There are multiple legal possibilities and speculation before we see the transcript could be way off the track.

(And every use of "idiot" or "idiocy" in this statement needs to be read as reference to the actual Danish word - "tosse" and derivatives as far as I amaware.)

My mother always warned me that I would be judged by the company I keep.
Maybe Mrs. Harrit did not mention that to her son, or he ignored the lesson.
 
According to one article, the judge reasoned that..
"After an overall assessment, Søren K. Villemoes' use of the term 'Niels Harrit and the other idiots from 9/11 skeptic environment', neither linguistic nor in the context of 'creationist plattenslageri' and 'Holocaust denier environment' is assumed to exceed the limits of freedom of expression. The defendants should be dismissed. "
 
According to one article, the judge reasoned that..
Thanks KDLarsen.

Us lawyer types who trained in Common Law jurisdictions will continue to be interested in the nuances of Danish law as revealed by this example.

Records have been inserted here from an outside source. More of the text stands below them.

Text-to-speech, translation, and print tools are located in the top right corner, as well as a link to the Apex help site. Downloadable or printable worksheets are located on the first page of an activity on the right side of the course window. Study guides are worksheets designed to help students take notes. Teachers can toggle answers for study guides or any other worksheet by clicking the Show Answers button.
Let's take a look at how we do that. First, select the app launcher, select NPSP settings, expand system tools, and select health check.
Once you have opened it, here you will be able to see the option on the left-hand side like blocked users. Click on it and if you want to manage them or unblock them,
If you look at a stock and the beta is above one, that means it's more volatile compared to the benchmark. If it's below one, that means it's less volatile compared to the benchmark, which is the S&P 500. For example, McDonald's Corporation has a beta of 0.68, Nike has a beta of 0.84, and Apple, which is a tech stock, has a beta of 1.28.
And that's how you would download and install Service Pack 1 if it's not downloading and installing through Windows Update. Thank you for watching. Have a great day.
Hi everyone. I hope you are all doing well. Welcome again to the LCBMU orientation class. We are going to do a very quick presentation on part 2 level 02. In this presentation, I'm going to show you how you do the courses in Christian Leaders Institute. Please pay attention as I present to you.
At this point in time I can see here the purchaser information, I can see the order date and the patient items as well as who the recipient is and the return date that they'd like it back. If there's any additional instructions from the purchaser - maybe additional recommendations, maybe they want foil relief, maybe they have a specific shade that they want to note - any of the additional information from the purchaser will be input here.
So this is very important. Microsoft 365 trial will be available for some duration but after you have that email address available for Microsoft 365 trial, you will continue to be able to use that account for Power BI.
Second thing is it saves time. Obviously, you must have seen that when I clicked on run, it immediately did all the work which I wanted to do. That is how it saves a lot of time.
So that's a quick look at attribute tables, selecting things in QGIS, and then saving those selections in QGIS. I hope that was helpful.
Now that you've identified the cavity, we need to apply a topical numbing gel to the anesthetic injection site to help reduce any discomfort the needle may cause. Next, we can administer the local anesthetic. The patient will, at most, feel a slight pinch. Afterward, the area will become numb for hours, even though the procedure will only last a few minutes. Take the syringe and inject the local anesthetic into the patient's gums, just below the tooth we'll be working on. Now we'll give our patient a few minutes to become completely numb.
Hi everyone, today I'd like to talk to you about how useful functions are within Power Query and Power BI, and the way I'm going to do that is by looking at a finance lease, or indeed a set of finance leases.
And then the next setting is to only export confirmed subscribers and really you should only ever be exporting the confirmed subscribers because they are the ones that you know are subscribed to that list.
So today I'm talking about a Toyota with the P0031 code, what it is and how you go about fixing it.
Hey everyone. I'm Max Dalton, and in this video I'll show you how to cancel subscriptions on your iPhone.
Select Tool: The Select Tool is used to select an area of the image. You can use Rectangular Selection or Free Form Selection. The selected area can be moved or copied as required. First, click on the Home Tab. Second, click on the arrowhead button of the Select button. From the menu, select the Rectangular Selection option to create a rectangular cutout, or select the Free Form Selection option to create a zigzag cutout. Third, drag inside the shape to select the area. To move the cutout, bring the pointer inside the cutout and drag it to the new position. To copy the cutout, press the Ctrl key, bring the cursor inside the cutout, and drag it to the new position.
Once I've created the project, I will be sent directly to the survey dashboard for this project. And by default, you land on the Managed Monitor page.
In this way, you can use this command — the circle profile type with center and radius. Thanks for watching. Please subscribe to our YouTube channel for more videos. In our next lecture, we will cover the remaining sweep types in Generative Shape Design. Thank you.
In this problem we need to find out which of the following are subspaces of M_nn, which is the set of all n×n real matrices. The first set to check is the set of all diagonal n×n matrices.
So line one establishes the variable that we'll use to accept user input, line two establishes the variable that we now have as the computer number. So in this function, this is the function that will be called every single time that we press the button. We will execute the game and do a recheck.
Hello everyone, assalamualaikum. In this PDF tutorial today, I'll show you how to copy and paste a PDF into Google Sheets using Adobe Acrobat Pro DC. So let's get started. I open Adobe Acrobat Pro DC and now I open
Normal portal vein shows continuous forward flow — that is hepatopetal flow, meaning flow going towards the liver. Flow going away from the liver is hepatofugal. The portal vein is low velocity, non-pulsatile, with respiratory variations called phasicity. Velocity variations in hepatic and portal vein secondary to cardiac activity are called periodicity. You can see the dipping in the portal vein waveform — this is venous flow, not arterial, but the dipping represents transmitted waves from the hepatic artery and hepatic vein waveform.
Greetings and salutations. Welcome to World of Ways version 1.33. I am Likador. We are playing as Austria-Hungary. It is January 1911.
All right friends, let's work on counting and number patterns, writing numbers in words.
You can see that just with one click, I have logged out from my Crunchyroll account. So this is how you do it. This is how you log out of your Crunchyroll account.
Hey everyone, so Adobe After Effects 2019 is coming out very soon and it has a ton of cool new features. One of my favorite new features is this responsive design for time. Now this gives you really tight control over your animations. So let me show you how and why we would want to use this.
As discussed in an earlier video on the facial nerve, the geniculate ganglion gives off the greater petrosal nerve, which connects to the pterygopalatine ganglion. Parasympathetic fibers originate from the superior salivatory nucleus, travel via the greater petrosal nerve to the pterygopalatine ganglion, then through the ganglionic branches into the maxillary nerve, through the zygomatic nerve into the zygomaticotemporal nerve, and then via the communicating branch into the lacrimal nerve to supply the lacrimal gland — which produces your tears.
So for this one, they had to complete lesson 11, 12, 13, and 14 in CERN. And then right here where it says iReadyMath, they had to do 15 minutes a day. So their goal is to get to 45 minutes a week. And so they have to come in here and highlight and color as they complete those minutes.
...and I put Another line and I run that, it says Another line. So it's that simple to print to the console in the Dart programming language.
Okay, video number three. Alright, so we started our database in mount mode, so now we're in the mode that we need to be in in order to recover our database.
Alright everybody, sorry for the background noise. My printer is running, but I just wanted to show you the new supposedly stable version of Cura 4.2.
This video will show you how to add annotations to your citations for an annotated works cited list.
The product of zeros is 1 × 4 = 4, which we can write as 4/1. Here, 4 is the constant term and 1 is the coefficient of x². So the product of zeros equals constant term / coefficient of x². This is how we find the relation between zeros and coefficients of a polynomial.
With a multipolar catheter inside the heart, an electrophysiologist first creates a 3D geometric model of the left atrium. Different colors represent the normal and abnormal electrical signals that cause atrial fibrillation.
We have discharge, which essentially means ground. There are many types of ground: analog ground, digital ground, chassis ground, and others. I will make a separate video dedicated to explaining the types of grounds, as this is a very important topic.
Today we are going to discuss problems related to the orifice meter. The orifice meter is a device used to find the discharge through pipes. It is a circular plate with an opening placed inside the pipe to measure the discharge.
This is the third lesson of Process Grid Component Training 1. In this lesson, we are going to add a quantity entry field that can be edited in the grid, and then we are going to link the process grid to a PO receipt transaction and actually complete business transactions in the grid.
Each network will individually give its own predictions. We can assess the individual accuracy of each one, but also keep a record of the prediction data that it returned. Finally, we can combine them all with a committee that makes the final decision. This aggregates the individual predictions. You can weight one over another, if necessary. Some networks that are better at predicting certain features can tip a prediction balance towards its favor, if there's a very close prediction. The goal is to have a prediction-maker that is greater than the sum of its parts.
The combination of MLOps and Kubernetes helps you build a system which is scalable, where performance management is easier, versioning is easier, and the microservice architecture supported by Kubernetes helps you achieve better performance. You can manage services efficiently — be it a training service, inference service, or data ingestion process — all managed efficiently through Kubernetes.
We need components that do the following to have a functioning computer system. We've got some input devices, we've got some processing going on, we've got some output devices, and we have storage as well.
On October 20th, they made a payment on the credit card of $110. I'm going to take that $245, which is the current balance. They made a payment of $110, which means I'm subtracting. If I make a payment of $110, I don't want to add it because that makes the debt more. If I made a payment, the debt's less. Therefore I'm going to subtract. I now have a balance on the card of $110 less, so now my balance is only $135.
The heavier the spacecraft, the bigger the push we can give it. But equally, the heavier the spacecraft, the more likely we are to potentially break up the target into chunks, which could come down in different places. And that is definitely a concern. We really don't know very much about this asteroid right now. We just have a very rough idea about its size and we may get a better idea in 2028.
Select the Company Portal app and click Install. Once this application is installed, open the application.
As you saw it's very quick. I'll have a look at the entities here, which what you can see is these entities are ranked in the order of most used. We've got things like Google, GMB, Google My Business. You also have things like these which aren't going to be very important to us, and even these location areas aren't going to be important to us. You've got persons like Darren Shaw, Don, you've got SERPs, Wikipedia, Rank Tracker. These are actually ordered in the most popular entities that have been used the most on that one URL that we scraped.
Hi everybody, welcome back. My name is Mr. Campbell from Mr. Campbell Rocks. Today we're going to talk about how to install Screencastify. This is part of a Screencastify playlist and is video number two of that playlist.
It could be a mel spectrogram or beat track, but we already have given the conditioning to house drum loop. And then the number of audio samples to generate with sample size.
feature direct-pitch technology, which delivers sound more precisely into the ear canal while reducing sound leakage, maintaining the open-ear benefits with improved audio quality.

I would wager that the phrase "After an overall assessment" subsumes a number of factors in some form of metric. Time may tell.
thumbup.gif
 
Last edited:
Go figure, Harrit has appealed the decision to the High court. Apparenly he desperately want to pay more than $3000 in court costs... :rolleyes:
 
Go figure, Harrit has appealed the decision to the High court. Apparenly he desperately want to pay more than $3000 in court costs... :rolleyes:

Maybe someone is paying his legal fees (if he goes pro se) and feels the publicity is good no matter what the decision is because:

It brings people to look at his belief about 9/11 (where presumably they could be swayed by truther PR)

That's a lot less than running adds and producing new DVDs...

All publicity is considered valuable when you are into "attention" and these guys are a bit of attention whores.
 
Go figure, Harrit has appealed the decision to the High court. Apparenly he desperately want to pay more than $3000 in court costs... :rolleyes:

And he still won't get the chance to present his turd munching BS.

WFT has building 7 or 911 got to do with someone calling him a crank, apart from showing he is a crank.